The ketogenic diet is one of the most popular diets right now—and one of the most misunderstood. While the first ketogenic diet was first developed as a tool for managing childhood epilepsy in the 1920s, other forms of the diet have exploded in popularity as a weight loss strategy over the last 15 years, thanks in part to Dr. Atkins and other weight loss gurus.
The point of the diet is to put the body into a state of nutritional ketosis, where more ketone bodies are being produced than burned, leading to ketones becoming measurable in the breath and urine (and causing test strips like ketostix to turn purple when you pee on them).
Ketones in general are a larger class of chemical, but the kind of ketones we’re talking about here are a biological fuel that our bodies make when they break down fat for energy. By restricting food that isn’t fat to 20% of total calorie intake, the original ketogenic diet (the one for kids with epilepsy) forces the body to get most of most of its energy by burning dietary fat, leading to high ketone levels in the blood. Since high blood ketone levels protect the brain from seizure, this diet makes perfect sense for those kids.

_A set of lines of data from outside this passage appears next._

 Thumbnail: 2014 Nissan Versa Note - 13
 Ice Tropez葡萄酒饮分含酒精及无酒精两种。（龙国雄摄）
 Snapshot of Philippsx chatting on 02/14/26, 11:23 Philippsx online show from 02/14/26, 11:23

Low calorie diets also leads to ketosis. After about 18 hours of fasting or 3–4 days of moderate caloric restriction, we also see high levels of ketones in the blood as the body begins to turn to its fat stores for energy. Different mechanisms, same result: high blood ketones.
This is where the confusion starts.
If your body is burning fat stores for energy because of caloric restriction, you will go into a state of nutritional ketosis. If your body is burning dietary fat because that’s the only fuel you’re giving it, it will also go into a state of nutritional ketosis. Ketones in the blood only mean you’re burning fat, not that you’re burning body fat.
Online, you’ll find advice like ‘if you’re not seeing success losing weight on keto, eat more fat to kickstart your fat metabolism and get back into ketosis!’. You can also find exogenous ketone supplements for sale. These approaches do increase blood ketones, and can be helpful for athletes, epileptics and for people transitioning to a low-calorie ketogenic diet, but they won’t help anyone lose weight.
Just like every other diet, keto still follows the laws of thermodynamics. Weight loss only happens on a high-fat ketogenic diet if you’re also eating fewer calories than you’re burning.
Ketosis can be a sign of weight loss, but it doesn’t cause it. In fact, extremely high levels of ketones decrease fat metabolism, because your body views extremely high ketone levels as a signal that it needs to preserve fat stores.
To be clear, I’m not trying to knock ketosis. I’ve personally played with ketogenic diets for years, and think they’re great for a lot of things. If you find (like a lot of people) that it’s easier to restrict calories while eating a ketogenic diet, go for it. If you want to go into ketosis for the (very real) cognitive and metabolic benefits, also great.
There are a lot of real, well-researched benefits to ketosis, but magical, no-effort weight loss is not one of them.
P.S. If you’re curious about exactly what’s going on when you enter ketosis, including the fascinating interplay of insulin, glucagon, free fatty acids, fat storage, adrenergic receptor systems, and everything else that’s involved, I highly recommend Lyle McDonald’s book The Ketogenic Diet.